++++ MATERIAL FOR THIS EXERCISE ++++
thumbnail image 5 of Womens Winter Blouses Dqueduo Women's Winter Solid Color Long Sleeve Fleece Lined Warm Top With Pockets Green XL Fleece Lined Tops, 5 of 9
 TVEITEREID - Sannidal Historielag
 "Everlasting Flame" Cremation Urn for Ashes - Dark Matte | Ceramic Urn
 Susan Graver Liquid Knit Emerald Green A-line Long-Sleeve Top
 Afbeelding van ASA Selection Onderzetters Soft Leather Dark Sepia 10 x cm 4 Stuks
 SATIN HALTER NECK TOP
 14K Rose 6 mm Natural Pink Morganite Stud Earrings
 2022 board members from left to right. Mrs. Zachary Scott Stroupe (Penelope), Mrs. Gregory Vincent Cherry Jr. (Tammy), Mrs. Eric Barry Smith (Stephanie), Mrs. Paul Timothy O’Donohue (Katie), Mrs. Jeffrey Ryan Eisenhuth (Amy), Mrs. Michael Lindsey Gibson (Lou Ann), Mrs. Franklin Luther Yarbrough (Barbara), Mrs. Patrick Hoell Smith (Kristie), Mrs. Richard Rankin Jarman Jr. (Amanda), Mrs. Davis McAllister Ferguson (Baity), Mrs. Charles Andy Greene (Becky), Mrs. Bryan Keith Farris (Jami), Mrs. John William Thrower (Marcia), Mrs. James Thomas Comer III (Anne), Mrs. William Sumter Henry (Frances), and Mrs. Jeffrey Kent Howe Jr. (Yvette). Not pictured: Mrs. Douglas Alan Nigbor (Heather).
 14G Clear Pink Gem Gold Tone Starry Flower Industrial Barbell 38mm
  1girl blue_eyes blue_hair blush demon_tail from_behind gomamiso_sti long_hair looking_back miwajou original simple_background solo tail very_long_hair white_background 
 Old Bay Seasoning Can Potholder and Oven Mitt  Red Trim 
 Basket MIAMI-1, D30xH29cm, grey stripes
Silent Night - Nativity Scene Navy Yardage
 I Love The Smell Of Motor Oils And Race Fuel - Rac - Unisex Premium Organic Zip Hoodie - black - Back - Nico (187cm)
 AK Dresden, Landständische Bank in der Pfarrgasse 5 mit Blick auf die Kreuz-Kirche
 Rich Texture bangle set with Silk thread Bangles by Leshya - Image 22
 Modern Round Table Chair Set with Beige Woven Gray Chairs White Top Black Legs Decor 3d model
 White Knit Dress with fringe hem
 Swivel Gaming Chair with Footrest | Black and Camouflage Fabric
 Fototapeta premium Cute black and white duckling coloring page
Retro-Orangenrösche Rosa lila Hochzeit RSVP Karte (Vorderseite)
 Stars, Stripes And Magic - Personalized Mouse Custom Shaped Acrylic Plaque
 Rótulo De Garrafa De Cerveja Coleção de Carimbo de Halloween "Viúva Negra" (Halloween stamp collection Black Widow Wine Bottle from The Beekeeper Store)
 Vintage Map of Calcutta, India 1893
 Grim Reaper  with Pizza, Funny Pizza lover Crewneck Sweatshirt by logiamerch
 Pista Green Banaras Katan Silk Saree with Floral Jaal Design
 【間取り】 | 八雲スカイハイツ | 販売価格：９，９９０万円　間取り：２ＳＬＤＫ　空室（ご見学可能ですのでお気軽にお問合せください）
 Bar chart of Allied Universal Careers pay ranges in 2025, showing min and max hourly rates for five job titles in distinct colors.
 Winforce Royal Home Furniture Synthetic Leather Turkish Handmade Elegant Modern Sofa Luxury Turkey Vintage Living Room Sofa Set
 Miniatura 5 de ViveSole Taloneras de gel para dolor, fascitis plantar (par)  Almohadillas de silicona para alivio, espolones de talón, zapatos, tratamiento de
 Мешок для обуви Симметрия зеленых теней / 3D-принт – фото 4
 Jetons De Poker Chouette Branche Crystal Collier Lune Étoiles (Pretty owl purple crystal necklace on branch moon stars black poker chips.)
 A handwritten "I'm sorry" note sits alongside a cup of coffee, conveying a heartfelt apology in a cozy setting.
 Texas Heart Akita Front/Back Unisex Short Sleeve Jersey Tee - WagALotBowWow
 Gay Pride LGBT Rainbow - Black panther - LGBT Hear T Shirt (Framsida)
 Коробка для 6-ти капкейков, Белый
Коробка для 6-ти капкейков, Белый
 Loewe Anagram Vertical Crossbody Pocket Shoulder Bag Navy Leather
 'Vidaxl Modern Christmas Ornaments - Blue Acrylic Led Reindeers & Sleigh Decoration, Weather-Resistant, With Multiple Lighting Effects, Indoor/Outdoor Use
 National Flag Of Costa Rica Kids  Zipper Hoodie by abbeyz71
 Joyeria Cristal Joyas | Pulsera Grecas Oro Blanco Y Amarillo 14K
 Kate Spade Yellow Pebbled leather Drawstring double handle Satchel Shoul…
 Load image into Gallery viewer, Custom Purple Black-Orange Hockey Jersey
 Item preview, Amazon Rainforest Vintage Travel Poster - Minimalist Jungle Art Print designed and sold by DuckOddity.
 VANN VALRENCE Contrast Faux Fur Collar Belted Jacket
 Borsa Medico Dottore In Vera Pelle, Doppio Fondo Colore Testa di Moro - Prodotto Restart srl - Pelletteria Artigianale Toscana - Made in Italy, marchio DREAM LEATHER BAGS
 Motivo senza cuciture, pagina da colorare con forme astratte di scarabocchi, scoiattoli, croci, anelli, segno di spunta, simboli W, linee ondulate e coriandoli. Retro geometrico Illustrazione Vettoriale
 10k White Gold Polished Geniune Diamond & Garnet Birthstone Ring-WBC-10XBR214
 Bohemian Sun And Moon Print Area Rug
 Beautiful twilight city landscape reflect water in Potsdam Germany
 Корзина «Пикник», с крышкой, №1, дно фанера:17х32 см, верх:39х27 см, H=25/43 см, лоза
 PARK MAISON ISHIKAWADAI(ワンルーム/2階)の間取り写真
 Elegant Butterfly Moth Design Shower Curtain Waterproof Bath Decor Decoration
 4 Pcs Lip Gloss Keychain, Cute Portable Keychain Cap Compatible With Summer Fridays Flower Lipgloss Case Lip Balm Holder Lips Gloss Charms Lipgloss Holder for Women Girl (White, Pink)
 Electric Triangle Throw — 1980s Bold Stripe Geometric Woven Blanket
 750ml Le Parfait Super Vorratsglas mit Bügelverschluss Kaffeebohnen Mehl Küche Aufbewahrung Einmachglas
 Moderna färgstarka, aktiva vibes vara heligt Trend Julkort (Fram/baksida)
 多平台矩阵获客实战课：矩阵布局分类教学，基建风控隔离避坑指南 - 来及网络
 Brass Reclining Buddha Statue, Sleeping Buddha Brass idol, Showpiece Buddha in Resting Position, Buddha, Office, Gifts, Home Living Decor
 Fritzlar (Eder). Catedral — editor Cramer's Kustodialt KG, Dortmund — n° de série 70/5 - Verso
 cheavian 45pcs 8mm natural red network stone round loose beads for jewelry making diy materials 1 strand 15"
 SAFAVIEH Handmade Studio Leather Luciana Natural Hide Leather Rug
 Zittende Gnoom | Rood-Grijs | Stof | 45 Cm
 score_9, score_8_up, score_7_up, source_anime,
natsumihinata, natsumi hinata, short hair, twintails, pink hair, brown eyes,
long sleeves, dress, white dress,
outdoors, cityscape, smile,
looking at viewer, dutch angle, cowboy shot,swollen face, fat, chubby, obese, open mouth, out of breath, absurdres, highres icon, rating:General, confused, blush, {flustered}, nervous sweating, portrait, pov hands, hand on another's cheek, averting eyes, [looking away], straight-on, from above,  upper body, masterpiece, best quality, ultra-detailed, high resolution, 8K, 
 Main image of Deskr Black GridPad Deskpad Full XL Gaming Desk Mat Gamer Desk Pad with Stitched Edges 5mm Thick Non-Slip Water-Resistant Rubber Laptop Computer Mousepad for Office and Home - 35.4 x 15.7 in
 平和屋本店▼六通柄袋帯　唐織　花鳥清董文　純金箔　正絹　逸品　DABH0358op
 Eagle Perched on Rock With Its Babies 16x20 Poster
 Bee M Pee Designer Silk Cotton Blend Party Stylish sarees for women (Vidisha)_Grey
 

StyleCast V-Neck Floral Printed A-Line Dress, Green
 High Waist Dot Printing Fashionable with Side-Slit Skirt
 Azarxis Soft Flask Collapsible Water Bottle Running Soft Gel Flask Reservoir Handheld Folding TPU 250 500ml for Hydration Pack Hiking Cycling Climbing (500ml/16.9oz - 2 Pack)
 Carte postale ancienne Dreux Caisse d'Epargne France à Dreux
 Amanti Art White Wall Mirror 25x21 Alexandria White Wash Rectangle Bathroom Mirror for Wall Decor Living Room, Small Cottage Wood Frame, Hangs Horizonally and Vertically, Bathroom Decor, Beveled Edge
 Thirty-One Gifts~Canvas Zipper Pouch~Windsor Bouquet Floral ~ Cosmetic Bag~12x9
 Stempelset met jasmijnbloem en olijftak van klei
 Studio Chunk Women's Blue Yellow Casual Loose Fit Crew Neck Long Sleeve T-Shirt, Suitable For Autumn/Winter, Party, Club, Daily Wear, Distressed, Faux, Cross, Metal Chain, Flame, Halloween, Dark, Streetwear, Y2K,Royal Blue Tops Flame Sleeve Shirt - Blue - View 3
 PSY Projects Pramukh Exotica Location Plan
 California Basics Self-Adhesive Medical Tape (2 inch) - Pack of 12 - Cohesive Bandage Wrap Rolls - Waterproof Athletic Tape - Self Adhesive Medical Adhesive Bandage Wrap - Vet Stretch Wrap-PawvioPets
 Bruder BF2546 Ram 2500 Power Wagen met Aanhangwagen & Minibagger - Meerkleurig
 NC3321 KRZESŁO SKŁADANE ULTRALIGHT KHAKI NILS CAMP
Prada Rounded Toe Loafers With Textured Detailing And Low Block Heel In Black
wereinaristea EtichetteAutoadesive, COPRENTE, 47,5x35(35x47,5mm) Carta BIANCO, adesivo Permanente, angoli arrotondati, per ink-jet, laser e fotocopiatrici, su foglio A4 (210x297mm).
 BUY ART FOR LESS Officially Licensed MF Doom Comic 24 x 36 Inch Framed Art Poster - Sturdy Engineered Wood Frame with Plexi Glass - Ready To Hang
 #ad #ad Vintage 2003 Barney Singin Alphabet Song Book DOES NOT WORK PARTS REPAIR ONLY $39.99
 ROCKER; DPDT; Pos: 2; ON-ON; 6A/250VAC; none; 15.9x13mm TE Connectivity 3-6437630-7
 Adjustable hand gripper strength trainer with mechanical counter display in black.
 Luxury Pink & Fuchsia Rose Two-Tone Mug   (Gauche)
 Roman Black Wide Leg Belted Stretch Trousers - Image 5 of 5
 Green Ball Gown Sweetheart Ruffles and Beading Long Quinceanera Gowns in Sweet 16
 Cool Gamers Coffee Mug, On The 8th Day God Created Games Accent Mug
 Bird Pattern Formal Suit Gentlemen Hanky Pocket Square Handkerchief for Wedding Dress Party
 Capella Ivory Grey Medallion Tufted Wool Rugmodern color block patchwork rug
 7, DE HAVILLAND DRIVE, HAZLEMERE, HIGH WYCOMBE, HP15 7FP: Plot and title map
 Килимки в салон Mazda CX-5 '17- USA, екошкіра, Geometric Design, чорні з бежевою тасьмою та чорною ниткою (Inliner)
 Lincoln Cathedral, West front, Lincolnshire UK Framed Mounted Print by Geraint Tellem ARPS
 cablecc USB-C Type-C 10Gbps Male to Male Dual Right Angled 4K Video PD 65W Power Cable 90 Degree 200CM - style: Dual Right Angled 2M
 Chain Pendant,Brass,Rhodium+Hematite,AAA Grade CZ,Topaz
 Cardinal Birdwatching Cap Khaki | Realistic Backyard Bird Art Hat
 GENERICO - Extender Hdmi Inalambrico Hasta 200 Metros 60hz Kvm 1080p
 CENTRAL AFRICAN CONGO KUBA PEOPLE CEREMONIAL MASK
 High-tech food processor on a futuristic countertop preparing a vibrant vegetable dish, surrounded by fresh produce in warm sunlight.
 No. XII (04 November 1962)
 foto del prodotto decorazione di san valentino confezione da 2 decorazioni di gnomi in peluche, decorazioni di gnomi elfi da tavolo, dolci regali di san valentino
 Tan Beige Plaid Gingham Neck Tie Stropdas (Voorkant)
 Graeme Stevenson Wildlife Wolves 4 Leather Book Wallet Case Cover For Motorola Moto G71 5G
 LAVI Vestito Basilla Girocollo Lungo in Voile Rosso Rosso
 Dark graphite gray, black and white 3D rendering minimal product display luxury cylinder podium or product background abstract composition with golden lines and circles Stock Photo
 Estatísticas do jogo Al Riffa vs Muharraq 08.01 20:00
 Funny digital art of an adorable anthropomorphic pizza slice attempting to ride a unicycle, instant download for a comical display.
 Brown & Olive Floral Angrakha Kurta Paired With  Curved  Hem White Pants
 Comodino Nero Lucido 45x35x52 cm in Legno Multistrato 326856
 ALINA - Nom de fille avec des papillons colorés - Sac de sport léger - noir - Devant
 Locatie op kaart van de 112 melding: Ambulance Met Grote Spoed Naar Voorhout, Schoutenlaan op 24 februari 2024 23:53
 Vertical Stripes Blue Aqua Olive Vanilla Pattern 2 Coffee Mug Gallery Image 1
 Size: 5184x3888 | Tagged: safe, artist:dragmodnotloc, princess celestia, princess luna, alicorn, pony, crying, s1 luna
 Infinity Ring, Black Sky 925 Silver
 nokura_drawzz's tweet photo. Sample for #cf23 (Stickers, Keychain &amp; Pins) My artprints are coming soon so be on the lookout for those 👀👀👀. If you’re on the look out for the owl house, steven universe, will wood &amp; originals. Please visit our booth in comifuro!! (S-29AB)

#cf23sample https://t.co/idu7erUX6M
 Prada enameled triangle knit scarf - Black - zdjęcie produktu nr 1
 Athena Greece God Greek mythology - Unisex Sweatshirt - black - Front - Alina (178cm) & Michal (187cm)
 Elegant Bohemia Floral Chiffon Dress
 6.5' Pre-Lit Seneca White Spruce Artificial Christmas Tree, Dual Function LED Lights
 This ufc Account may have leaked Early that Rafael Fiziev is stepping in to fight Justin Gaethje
++++
### [TASK]
Exact copies of the lines from the start of the data up to the line holding "2022 board members", both included, are all that is needed.

### [WRITTEN RESPONSE]
thumbnail image 5 of Womens Winter Blouses Dqueduo Women's Winter Solid Color Long Sleeve Fleece Lined Warm Top With Pockets Green XL Fleece Lined Tops, 5 of 9
 TVEITEREID - Sannidal Historielag
 "Everlasting Flame" Cremation Urn for Ashes - Dark Matte | Ceramic Urn
 Susan Graver Liquid Knit Emerald Green A-line Long-Sleeve Top
 Afbeelding van ASA Selection Onderzetters Soft Leather Dark Sepia 10 x cm 4 Stuks
 SATIN HALTER NECK TOP
 14K Rose 6 mm Natural Pink Morganite Stud Earrings
 2022 board members from left to right. Mrs. Zachary Scott Stroupe (Penelope), Mrs. Gregory Vincent Cherry Jr. (Tammy), Mrs. Eric Barry Smith (Stephanie), Mrs. Paul Timothy O’Donohue (Katie), Mrs. Jeffrey Ryan Eisenhuth (Amy), Mrs. Michael Lindsey Gibson (Lou Ann), Mrs. Franklin Luther Yarbrough (Barbara), Mrs. Patrick Hoell Smith (Kristie), Mrs. Richard Rankin Jarman Jr. (Amanda), Mrs. Davis McAllister Ferguson (Baity), Mrs. Charles Andy Greene (Becky), Mrs. Bryan Keith Farris (Jami), Mrs. John William Thrower (Marcia), Mrs. James Thomas Comer III (Anne), Mrs. William Sumter Henry (Frances), and Mrs. Jeffrey Kent Howe Jr. (Yvette). Not pictured: Mrs. Douglas Alan Nigbor (Heather).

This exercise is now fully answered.